In this work, we present a facile method for the selective growth of Rh nanocrystals on two tips of Au NBPs to fabricate Au NBP/tip-Rh NDs. The formation of a large steric hindrance at the middle of Au NBPs is vital for selective growth, which is achieved by employing benzyldimethylhexadecylammonium chloride (16-BAC) molecules as the surfactant. Since Rh nanocrystals tend to aggregate in small sizes, the large benzyl group in the 16-BAC molecules presents a large steric hindrance to block the deposition of Rh on the side surface. The unique architecture endows the obtained Au NBP/tip-Rh NDs with excellent photocatalytic performance toward N₂ fixation. Benefiting from the spatially separated architecture, the Au NBP/tip-Rh NDs exhibit a N₂ photofixation activity of 114.33 μmol h⁻¹ g⁻¹, which is 8.0 and 2.0-fold compared with those of Rh nanocrystals and core@shell nanostructures.

Results and discussion

The Au NBP/tip-Rh NDs are prepared through the selective growth of Rh nanocrystals on two tips of Au NBPs (Fig. 1). The pregrown Au NBPs are stabilized with the surfactant cetyltrimethylammonium bromide (CTAB) molecules. In the absence of 16-BAC, Rh nanocrystals are prone to nucleation on the whole surface of Au NBPs to obtain the core@shell nanostructures. Since Rh nuclei are generally very small, the small steric hindrance of CTAB molecules can hardly prevent the deposition of Rh nuclei on the side surface, and subsequently core@shell nanostructures are formed. 16-BAC molecules have a similar molecular structure to CTAB. A big difference lies in that 16-BAC molecules possess a large benzyl headgroup but CTAB molecules have a small methyl group. The presence of 16-BAC molecules facilitates the selective growth process. First, the large headgroup of 16-BAC molecules can block the entrance of Rh nuclei into the side surfaces of Au NBPs. At an appropriate concentration, the density of 16-BAC molecules at the two tips is smaller than that on the side surface due to the curvature difference,³⁴ which provides an opportunity for Rh nucleation at the two tips. Second, 16-BAC has a stronger capability of stabilizing the Rh precursor than CTAB due to the larger headgroup. The strong bonding capability reduces the number of nucleations and slows down the growth rate of Rh. Upon the nucleation of Rh nanocrystals at the two tips, further deposition of Rh will occur on the original Rh nuclei because of the smaller interfacial free energy than the Au–Rh interface. In addition, the presence of NaI during the synthesis facilitates the epitaxial overgrowth of Rh on Au NBP.⁴⁰ First, the complexation of I⁻ ions with Rh³⁺ ions can decrease the nucleation rate of Rh nanocrystals by decreasing the reduction potential. Second, the I⁻ ions possess strong interaction with Au, which can direct the growth of Rh on Au NBPs. Third, the presence of the I⁻/I₂ red/ox pair makes I⁻ ions a good candidate as a reduction/oxidation agent for the activation of the Au surface. Accordingly, Rh nanodomains are formed at two tips of Au NBPs to obtain the Au NBP/tip-Rh NDs.
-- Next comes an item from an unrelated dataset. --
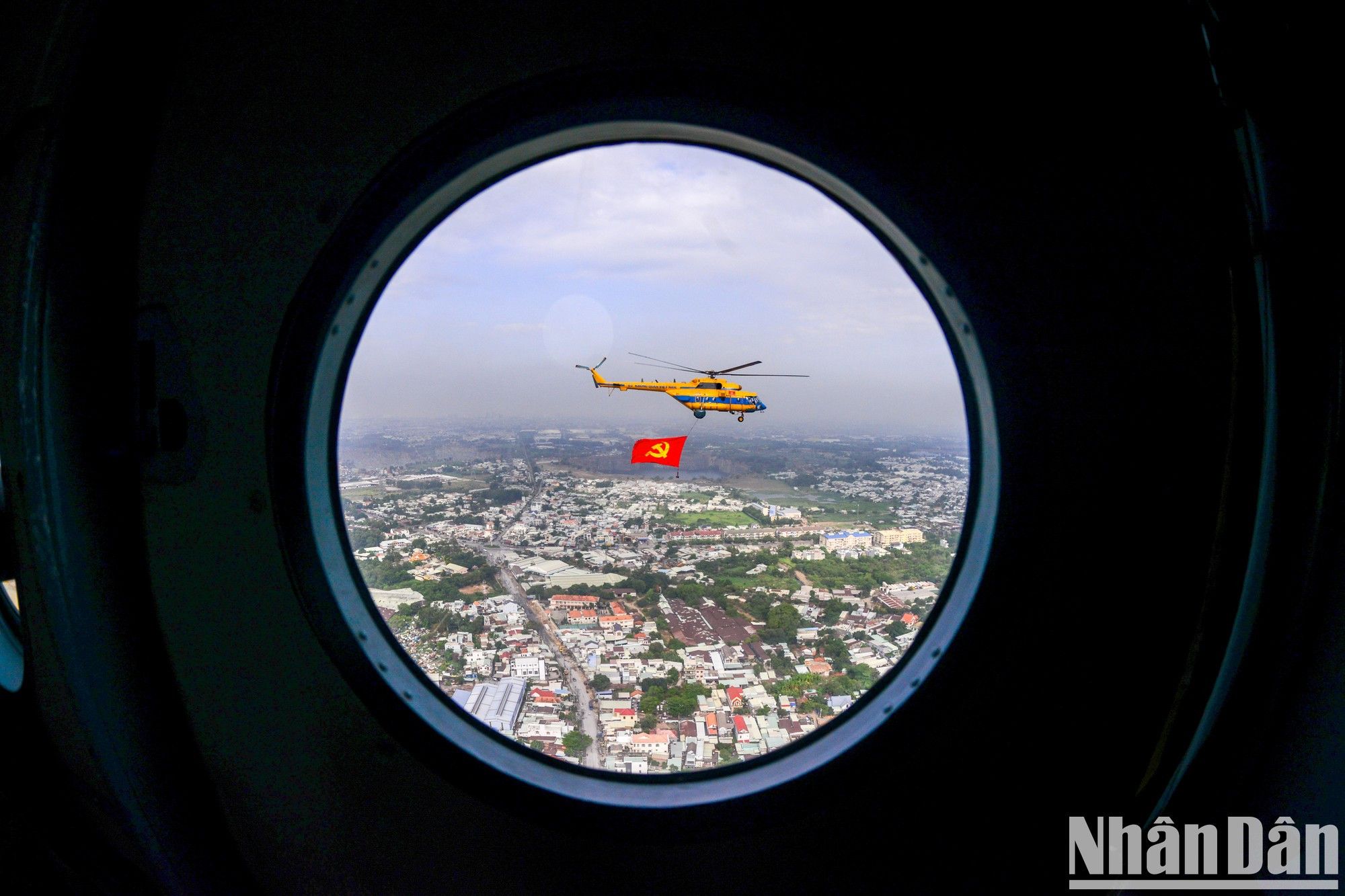 La aparición de helicópteros con las banderas del Partido y de la Patria en los últimos días será un recuerdo especial para los habitantes de Ciudad Ho Chi Minh. La aparición de helicópteros con las banderas del Partido y de la Patria en los últimos días será un recuerdo especial para los habitantes de Ciudad Ho Chi Minh.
Fig. 1 Schematic illustration of the growth behaviors of Rh nanocrystals on Au NBPs in the presence of either CTAB or 16-BAC surfactants.
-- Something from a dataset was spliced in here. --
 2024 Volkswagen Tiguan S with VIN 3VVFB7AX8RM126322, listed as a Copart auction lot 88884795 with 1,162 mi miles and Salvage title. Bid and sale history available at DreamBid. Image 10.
The starting Au NBPs with a fivefold rotational symmetry structure were prepared using a seeded growth method (Fig. 2a). The as-prepared Au NBPs possess a uniform morphology and a narrow spectral linewidth, with the average length and diameter at the middle being 110.8 ± 2.9 nm and 35.5 ± 1.9 nm, respectively. The excellent monodispersity of Au NBPs provides an ideal platform for Rh selective growth on Au NBPs. The representative transmission electron microscopy (TEM) image of the obtained Au NBP/tip-Rh NDs clearly demonstrates that Rh nanocrystals have been successfully grown on two tips of Au NBPs (Fig. 2b). The Rh nanocrystals exhibit a snowflake morphology with a diameter of 36.9 ± 3.2 nm and are composed of many small dendritic Rh nanostructures (Fig. 2c). After the growth of Rh nanocrystals, a redshift for plasmon resonance wavelength occurs due to the change of the dielectric constant at the two tips (Fig. S1†). To further verify the dumbbell-shaped nanostructures, we carried out high-angle annular dark-field scanning transmission electron microscopy (HAADF-STEM) imaging and energy-dispersive X-ray (EDX) elemental mapping (Fig. 2d). Evidently, the EDX elemental mapping results reveal the bipyramidal Au core and well-defined Rh nanodendrite-tipped caps, suggesting the formation of dumbbell-shaped nanostructures. In addition, the crystalline properties of Au and Rh are confirmed by aberration-corrected high-resolution TEM (HRTEM) imaging (Fig. 2e). An aberration-corrected HRTEM image clearly demonstrates that the Rh cap consists of many dendritic nanostructures with a diameter of about 1–3 nm. The formation of dendritic structures is attributed to the large lattice mismatch (∼7%) between Au and Rh.⁴⁰ Dendritic nanostructures with porous channels of Rh nanocrystals are supposed to be ideal architectures for catalysis.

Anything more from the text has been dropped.